Run via env -u ANTHROPIC_API_KEY -u OPENAI_API_KEY -u CLAUDE_CODE_OAUTH_TOKEN -u ANTHROPIC_AUTH_TOKEN TZ=UTC LANG=C.UTF-8 PYTHONHASHSEED=0 python3.11 -m pytest tests/kora_cli -n 4 --timeout=30 --timeout-method=signal:

6905 passed, 94 failed, 10 skipped, 2 warnings in 83.35s

The 94 failures are pre-existing (verified by git stash + re-run on the merge commit before this PR — same failures, same count). Breakdown:

File / area Count Root cause
reasoning/test_anthropic_engine*.py ~53 CC#3's #196 daemon Phase 1 default-flipped gateway-route-through; tests call real Anthropic API via the route-through path even though they pass a mock client. Test infrastructure needs route-through-mock fixtures.
test_backup.py / test_config.py / test_web_server*.py / test_cron.py ~30 HERMES_HOME → KORA_HOME migration tests still encoding legacy expectations (mention of hermes_test paths, config.yaml defaults).
test_kanban*.py ~4 Separate flaky area.
Other (1-2 each) ~7 Per-file isolation issues.

CLI command examples

# Per-loop counts + last activity across all 6 loops
$ kora promote status | jq '.loops[] | {loop, store_layout, counts}'

# JSON dump of currently-pending phrasebook proposals (highest-confidence first)
$ kora promote pending phrasebook | jq '.pending[] | {proposal_id, confidence}'

# Last 7 days of audit rows for the router-tuning loop
$ kora promote history router_tuning --days 7 | jq '.rows[].seam' | sort | uniq -c

# Invoke one cycle of the email-intent loop ad-hoc (returns the summary dict)
$ kora promote run-once email_intent | jq '.summary | {proposals_generated, proposals_persisted, duration_ms}'

# snapshot_expand has no pending/ — surface that with a structured error
$ kora promote pending snapshot_expand
{
  "error": "snapshot_expand has no pending/ status — this loop is audit-only by default (auto-apply persists to applied/ directly). Use ``kora promote history snapshot_expand`` to view recent activity."
}

Probe-fix-envelope auto-approve — sample sequence

# Opt in (operator decision)
$ export KORA_PROMOTE_PROBE_FIX_AUTO_APPROVE_LOW_RISK=true
$ export KORA_PROMOTE_PROBE_FIX_AUTO_APPROVE_WAIT_HOURS=1

# A low-risk proposal is generated (fly machine_down cluster)
# → 1h later the next cycle's auto-approve sweep moves it to approved/
$ kora promote status | jq '.loops[] | select(.loop=="probe_fix_envelopes")'
{ "counts": { "pending": 0, "approved": 1, ... } }

# Audit trail
$ kora promote history probe_fix_envelopes | jq '.rows[] | select(.seam=="promotion.probe_envelope_action_auto_approved").details | {proposal_id, blast_radius_level, auto_approve_wait_hours, auto_approved_at}'
{ "proposal_id": "...", "blast_radius_level": "low", "auto_approve_wait_hours": 1.0, "auto_approved_at": "2026-05-24T13:00:00Z" }

# CRITICAL: actual fix execution STILL requires the per-probe ENABLED env
$ export KORA_PROBE_AUTOFIX_FLY_ENABLED=true   # operator confirms runtime authorization separately

CC#1 next-dispatch recommendation

Per the bucket spec's hint: multi-tenant operator-distribution prep. Once CC#3's NousResearch#426 Option C identity-as-plugin lands, the natural CC#1 follow-on is the back-end groundwork for "Kora-per-operator":

  1. Per-tenant cost ladder — extract the singleton CostStateHolder to a per-tenant accessor; get_cost_holder(tenant_id). Migration story: existing call sites pass an implicit "default" tenant.
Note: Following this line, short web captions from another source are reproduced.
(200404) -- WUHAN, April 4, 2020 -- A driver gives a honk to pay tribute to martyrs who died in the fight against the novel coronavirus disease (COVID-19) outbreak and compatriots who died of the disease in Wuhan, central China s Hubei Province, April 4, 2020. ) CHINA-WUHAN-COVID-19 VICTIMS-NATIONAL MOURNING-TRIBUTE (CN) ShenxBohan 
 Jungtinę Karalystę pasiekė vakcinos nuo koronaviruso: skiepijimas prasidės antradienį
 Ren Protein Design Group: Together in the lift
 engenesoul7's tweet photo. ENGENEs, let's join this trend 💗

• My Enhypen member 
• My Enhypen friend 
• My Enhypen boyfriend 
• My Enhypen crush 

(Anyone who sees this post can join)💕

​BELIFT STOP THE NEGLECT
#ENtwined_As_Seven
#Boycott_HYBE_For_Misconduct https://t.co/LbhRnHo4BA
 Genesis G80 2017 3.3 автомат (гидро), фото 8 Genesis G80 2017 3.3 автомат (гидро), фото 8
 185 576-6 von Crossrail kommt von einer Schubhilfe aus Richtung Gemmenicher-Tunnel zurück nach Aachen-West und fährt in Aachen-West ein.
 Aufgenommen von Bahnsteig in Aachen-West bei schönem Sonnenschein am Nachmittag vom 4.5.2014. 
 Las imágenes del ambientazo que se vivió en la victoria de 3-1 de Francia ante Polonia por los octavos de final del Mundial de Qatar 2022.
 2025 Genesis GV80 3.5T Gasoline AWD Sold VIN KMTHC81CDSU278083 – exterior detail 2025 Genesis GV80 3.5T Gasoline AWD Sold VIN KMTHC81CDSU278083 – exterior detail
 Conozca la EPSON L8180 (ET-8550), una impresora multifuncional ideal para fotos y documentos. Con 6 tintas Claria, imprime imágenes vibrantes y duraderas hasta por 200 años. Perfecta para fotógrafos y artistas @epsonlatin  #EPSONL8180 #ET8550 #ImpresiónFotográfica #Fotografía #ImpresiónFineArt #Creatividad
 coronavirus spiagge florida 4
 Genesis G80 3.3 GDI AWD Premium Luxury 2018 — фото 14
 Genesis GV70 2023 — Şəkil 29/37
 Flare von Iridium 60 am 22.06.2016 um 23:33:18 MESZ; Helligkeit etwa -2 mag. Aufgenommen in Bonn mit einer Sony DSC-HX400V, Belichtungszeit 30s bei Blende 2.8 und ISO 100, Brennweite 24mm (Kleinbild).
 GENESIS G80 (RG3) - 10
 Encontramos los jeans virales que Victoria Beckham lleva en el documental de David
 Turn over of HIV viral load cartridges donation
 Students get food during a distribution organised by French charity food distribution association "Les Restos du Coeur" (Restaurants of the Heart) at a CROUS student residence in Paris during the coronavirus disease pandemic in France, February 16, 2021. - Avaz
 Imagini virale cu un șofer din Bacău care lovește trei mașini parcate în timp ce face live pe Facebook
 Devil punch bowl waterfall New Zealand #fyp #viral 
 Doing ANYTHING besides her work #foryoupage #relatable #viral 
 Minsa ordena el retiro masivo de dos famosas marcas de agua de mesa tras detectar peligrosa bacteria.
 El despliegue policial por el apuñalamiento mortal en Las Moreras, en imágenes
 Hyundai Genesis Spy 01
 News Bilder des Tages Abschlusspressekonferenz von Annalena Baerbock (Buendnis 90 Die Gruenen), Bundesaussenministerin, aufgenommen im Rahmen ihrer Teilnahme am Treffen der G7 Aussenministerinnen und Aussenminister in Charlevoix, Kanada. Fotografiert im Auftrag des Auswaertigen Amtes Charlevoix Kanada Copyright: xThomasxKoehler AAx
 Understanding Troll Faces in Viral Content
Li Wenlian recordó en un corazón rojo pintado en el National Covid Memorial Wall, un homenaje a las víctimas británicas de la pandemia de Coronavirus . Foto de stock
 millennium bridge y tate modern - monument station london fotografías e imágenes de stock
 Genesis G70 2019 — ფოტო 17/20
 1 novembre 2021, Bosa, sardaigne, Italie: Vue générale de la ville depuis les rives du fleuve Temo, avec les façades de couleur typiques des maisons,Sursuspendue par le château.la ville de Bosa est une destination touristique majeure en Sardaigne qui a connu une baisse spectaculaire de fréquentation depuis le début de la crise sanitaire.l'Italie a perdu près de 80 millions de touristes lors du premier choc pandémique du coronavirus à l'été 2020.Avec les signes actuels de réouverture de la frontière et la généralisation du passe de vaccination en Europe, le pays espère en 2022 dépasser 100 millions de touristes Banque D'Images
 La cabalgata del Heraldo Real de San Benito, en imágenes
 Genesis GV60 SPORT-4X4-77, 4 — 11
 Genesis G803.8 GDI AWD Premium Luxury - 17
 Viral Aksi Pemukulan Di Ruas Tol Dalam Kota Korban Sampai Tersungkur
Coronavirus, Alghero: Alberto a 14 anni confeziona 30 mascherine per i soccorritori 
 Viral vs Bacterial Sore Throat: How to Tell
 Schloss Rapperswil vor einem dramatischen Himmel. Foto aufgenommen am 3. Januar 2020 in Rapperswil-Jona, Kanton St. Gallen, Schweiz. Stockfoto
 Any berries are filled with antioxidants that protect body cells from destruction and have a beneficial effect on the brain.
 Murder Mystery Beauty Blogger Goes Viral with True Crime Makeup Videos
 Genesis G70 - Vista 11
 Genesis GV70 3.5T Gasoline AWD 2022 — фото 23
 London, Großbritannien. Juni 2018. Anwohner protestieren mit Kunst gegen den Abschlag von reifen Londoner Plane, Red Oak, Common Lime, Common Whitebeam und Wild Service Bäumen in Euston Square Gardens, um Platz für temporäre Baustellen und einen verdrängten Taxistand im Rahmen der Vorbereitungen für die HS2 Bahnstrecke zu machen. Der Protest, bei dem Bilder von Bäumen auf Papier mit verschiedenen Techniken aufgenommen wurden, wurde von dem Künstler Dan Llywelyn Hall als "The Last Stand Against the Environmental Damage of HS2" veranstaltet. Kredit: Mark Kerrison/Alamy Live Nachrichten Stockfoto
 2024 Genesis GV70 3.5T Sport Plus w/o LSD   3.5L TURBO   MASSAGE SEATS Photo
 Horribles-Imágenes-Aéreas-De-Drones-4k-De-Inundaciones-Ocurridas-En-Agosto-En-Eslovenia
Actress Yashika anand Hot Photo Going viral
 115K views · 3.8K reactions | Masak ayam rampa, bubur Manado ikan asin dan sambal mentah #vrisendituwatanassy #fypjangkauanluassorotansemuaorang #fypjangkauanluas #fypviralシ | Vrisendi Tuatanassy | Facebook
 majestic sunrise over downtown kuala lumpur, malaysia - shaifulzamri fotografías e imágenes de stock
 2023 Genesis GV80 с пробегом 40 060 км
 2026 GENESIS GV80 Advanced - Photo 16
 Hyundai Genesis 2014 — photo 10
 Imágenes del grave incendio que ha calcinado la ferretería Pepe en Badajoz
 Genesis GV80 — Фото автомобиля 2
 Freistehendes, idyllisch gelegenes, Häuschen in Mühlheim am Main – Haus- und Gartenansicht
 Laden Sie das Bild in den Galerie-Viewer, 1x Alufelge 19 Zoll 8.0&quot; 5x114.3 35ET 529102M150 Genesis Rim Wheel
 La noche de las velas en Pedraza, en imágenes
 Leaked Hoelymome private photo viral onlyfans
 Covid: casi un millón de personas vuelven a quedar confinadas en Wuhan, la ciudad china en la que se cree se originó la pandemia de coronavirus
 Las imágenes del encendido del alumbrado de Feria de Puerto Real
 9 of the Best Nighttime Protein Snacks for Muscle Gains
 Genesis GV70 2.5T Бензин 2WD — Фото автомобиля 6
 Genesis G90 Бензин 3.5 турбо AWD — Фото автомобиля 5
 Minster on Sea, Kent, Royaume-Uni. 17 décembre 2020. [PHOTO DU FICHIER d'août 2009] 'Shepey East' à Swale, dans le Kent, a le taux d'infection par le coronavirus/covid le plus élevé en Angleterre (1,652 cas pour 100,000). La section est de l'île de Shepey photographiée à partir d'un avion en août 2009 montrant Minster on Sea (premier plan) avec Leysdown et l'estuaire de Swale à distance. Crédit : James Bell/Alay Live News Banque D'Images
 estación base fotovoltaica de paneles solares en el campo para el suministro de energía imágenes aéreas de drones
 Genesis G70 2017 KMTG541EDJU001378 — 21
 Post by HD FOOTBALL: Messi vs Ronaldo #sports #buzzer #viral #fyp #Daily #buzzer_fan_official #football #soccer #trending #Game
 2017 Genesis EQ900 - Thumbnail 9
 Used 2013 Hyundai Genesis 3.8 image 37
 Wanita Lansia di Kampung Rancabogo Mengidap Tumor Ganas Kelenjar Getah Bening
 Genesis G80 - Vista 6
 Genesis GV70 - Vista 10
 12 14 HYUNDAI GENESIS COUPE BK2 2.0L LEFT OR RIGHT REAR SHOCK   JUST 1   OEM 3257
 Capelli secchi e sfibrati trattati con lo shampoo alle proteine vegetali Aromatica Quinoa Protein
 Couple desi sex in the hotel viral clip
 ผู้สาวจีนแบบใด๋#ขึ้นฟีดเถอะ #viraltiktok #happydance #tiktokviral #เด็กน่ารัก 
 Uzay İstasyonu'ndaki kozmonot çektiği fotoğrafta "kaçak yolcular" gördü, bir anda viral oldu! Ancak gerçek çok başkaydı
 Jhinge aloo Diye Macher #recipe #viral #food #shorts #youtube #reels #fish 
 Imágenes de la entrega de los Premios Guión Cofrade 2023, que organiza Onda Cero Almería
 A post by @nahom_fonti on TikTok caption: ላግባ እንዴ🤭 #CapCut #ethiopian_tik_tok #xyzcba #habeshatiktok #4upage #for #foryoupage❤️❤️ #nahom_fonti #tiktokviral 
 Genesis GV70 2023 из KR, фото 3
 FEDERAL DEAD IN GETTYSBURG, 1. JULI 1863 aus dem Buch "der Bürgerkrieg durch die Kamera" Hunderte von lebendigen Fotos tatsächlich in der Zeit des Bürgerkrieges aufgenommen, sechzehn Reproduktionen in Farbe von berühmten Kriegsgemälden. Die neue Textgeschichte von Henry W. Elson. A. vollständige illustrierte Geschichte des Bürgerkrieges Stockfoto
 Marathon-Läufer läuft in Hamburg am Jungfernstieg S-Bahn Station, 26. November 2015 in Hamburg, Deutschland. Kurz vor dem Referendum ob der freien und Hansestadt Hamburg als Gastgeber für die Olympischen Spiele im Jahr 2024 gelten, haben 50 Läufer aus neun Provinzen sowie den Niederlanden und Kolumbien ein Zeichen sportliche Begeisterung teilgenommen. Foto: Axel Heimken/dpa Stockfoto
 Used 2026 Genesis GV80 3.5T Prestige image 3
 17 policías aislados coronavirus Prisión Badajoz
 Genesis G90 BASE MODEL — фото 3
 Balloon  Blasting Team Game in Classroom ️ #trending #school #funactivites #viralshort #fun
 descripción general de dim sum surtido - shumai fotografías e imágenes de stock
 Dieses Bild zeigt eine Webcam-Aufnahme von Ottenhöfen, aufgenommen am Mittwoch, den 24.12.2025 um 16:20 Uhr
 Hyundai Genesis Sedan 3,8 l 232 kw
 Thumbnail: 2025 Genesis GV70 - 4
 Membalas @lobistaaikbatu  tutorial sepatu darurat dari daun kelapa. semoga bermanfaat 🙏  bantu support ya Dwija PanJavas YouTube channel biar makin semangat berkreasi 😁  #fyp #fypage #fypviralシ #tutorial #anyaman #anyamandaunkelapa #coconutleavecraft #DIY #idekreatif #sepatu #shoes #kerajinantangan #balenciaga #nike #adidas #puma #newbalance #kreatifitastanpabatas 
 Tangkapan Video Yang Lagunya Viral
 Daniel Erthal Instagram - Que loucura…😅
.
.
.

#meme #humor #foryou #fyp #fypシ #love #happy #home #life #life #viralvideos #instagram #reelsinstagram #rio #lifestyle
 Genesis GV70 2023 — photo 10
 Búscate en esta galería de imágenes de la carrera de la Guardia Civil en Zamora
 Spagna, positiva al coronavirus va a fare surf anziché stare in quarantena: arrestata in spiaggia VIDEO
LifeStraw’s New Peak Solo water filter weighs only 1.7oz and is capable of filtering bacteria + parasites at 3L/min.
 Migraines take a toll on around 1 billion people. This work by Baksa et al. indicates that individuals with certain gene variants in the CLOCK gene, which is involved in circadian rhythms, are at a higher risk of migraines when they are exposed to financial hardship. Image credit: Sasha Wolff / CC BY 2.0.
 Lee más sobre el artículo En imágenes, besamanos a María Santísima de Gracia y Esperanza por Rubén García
  2. Per-tenant config isolationKORA_HOME resolution becomes tenant-scoped (${KORA_HOME_ROOT}/${tenant_id}/...). Listener startup pulls per-tenant config; cross-tenant accidental reads return None rather than the wrong tenant's state.

  3. Per-tenant audit JSONL — extend emit_audit with an implicit / explicit tenant_id field; one audit file per tenant; CC#2's cockpit gets a tenant-picker.

  4. Pre-existing test stability bucket (recommended title: KR-TEST-STABILITY-ROUTE-THROUGH-MOCKS-AND-HERMES-HOME-MIGRATION) — fixes the 94 remaining failures so future PRs ship genuinely green. Should land BEFORE the multi-tenant work since multi-tenant adds substantial new test surface.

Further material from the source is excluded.